I also can’t help wonder how Eli felt when he finally realized that it must be God talking to the small boy. Did he feel like God had given up on him? Did he feel jealousy? Did he feel relieved? Did he feel shame?
Again, am I to feel hope, sadness, failure, fear, or solidarity?
Maybe all. Maybe all the emotions are appropriate.
Maybe this story feels more nuanced and complex than it usually does because it we are in a similar difficult moment.
I don’t know if our difficulty with naming atrocity for what it is is what causes our courage to wane, our ears to stop, our hearts to slow, or our vision to cloud…
But folks, last week our nation almost fell.
You may disagree with the boldness and straightforwardness that I say that with, but… well, I guess that’s the grace that’s afforded me in this being my last time here.
We have to get back on the bike.
For the love of God and humanity, for the sake of Jesus and all that is dear, for the hope of future generations…
Philip says to Nathanael, “Come and see.”
Dear friends, we’ve seen. I don’t know if we need to ‘see’ anymore.
Now it’s time to follow.
The word of the Lord is rare, only insomuch as we fail to proclaim it or listen for it. I mean, I feel like God isn’t whispering in the night, but banging a gong in the broad daylight. We must hear this, people of God. We must see this. And then, we must find the courage to follow Jesus into the dark, desperate places; walking alongside those who are crying out for help and justice. It means taking a closer look at white supremacy, gender oppression, systemic poverty, and social divisions. It means being mindful and peaceful, while working for change.
I know you feel like Eli.
I know you’re tired, and couldn’t we just leave this to the next generation? Maybe you’re thinking God will find another Samuel. Well, I hate to break it to you, but the world needs you NOW. More than ever before. You can be the next Samuel.
The world needs love, and justice, and truth.

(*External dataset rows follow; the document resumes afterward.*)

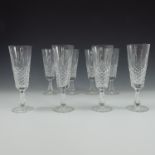 8 LARGE WATERFORD KYLEMORE PATTERN CRYSTAL CHAMPAGNE FLUTES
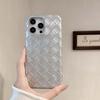 Luxury Braided Pattern Leather Cover for IPhone 17 16 15 14 13 Pro Max 16Pro 15Promax Soft Silicone Shockproof Back Case Caque
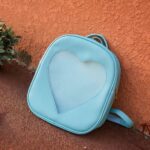 Sac à dos enfant motif cœur transparent - Bleu ciel - Sac à dos Sac à dos scolaire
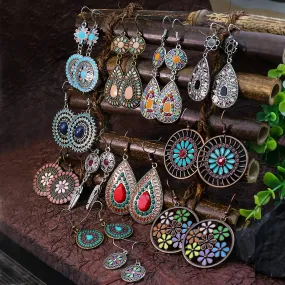 12 pairs Ethnic Style Women's Earrings Set - Multi-colored Round and Drop-shaped Flowers with Turquoise and Rhinestone Pendants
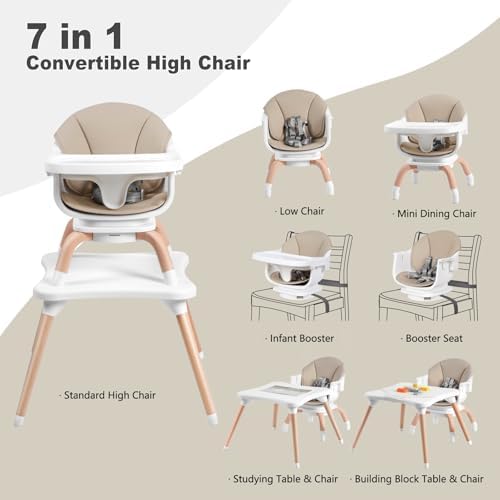High Chair, 7 in 1 Wooden Baby High Chair - Image 3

The world needs to hear it and see it.
You know what I really want to see? I really want to see those angels running up and down the ladder between heaven and earth that Jesus tells Nathanael about. I have this image of those angels, dashing breathless, distributing so much goodness that they can hardly keep up.
That’s what I want.
That’s what I pray for.
That’s what I want to see.
I may never get a chance to stand before you again in the same way, and so the last thing I want to say to you is this:
You are held by Jesus, the one who said, “You will see greater things than these.” We will. We will see heaven open. We will see the angels. We will see the love and justice of God. We will see healing.
Don’t despair. Don’t hide.
I believe in you.
But, way better than that: God believes in you.